Et mézigue, tu verrais ça: un vrai velours.

Cliiinc!

Le gars retire vivement son bras et, ahuri, regarde la paire de menottes qui se balance à son poignet. Il bondit, mais messire Moi-même, je l’abasourdis d’un chtare démoniaque sur l’oreille. Un taquet aussi monumental, t’en restes sourdingue pendant dix minutes, avec des vertiges mutins, voire des chandelles romaines dans les vasistas.

Je profite de son semi-K.-O. pour lui assurer le deuxième bracelet au second poignet.

— Antoine! T’es dingue! s’exclame notre adopté en me reconnaissant enfin.

— Va rejoindre tes potes, môme!

— Mais…

— File, si tu ne veux pas que je te satonne les noix!

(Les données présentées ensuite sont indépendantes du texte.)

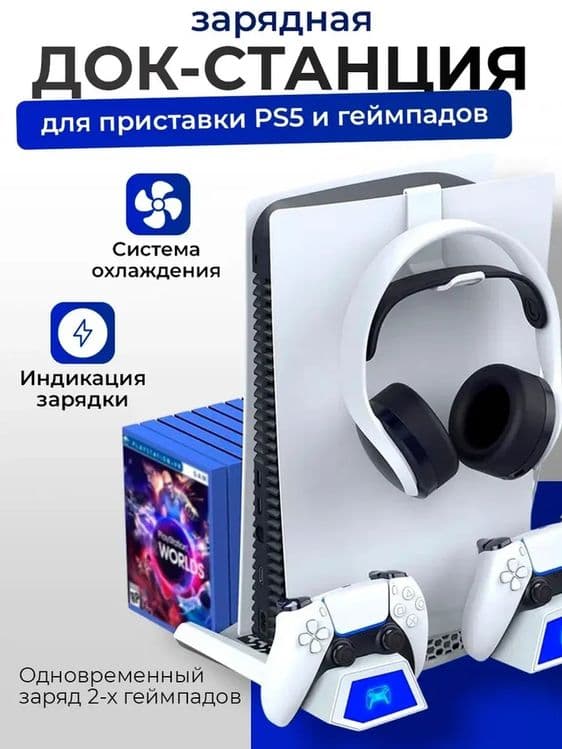 Зарядная докстанция для геймпада приставка с охлаждением PlayStation 5 — 1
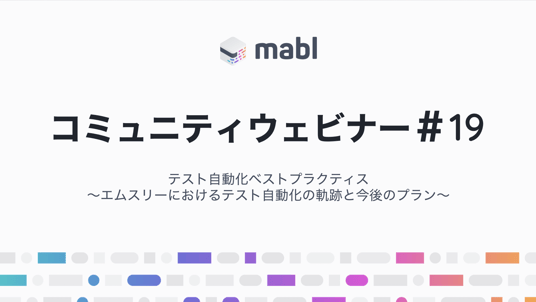 イベントレポート：テスト自動化ベストプラクティス！〜エムスリーにおけるテスト自動化の軌跡と今後のプラン〜 | mabl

Il se décide. La revue que lui a remise son «copain» reste sur le banc. Je m’assois auprès du gars et me mets à la feuilleter. Dedans, on ne trouve que des malabars à frimes pédoques. Des grands blonds sur des motos époustouflantes. Il y a une monstre échancrure dans leur bénouze de cuir et leur sexe s’étale sur le réservoir de la moto. C’est très ornemental.

Je roule la revue pour la glisser dans ma poche.

— On y va? fais-je au mec.

Il pousse une triste frite, l’artiste. Peau blafarde, avec une barbe de quatre ou cinq jours. Le regard fiévreux, les cils farineux, des plis de chaque côté de la bouche.

Je le soulève par le colback et lui imprime l’impulsion de départ d’un coup de genou au bas du dos.

Nous n’échangeons aucune syllabe pendant le long parcours qui nous conduit à la Grande Taule. Mon prisonnier semble résigné à son sort. Il se tient immobile à la place passager, le dos contre la portière, la tête basse, rentrée dans ses épaules.